Keywords: assembly line
preventive maintenance
unreliable machine
Issue Date: 15-Feb-2012
Citation: Ruifeng, C., Subramaniam, V. (2012-02-15). Increasing production rate in Kanban controlled assembly lines through preventive maintenance. International Journal of Production Research 50 (4) : 991-1008. ScholarBank@NUS Repository.
Abstract: Preventive maintenance is widely implemented in manufacturing industries for reducing random machine failures. High availability of a machine may be ensured by avoiding excessive or insufficient maintenance. Although analytical models of single or two-machine systems with preventive maintenance have been proposed in the literature, similar study on multi-machine systems remains limited.
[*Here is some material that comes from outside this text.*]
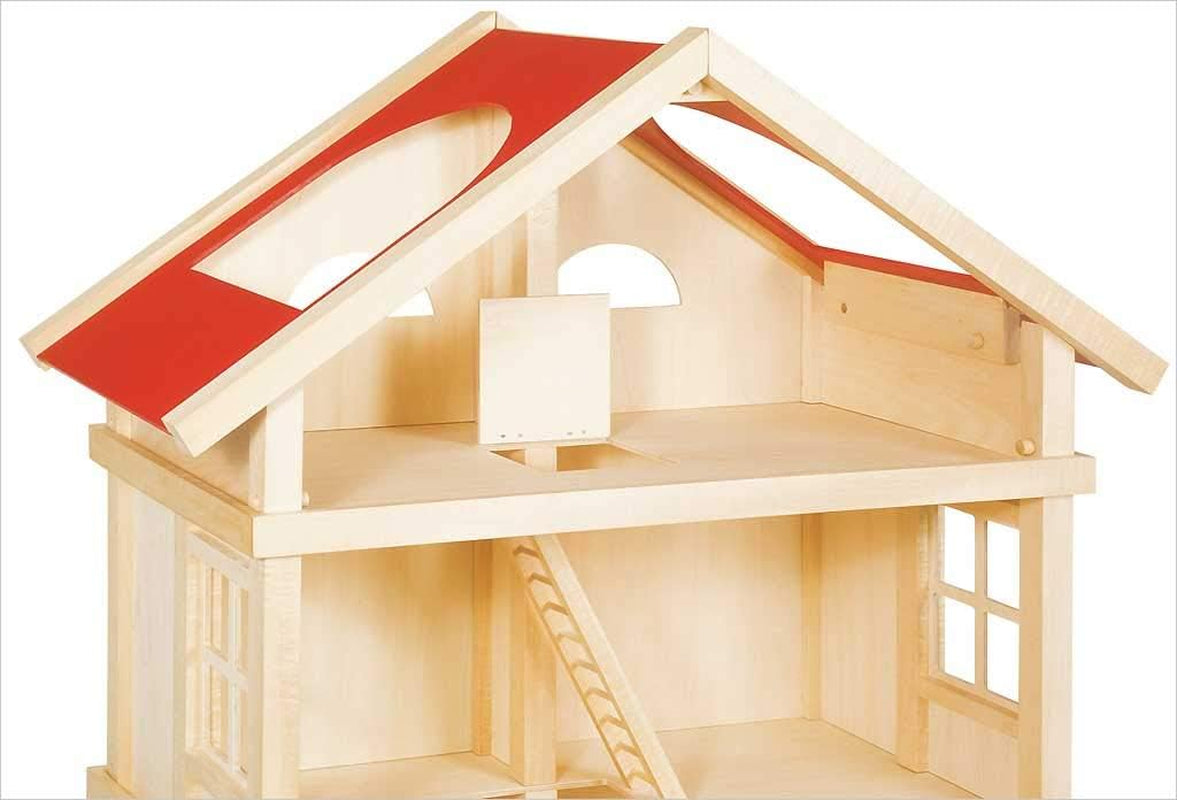 51957 Casă de păpuși din lemn, 65 x 35 x 87,5 cm – Casă de păpuși mare din lemn, 3 etaje, design deschis, acoperiș roșu, scări și balcon pentru jocuri de rol creative, lume de joacă tip casă de păpuși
In this paper, the authors investigate preventive maintenance in Kanban controlled assembly lines and develop an analytical model for such systems. This model decomposes an assembly line into a series of primitive line segments. Each segment is characterised by a continuous-time-discrete-state Markov process. This model provides the estimates of production rate and work-in-process, which can be used to evaluate the effect of preventive maintenance on an assembly line. Additionally, based on the proposed model, we also present an algorithm to determine the maintenance rates for all machines in a Kanban controlled assembly line. As demonstrated in the numerical experiments, the analytical model is useful to manufacturers in preventing excessive or insufficient maintenance and thus improving the production rate of Kanban controlled assembly lines. © 2012 Taylor & Francis.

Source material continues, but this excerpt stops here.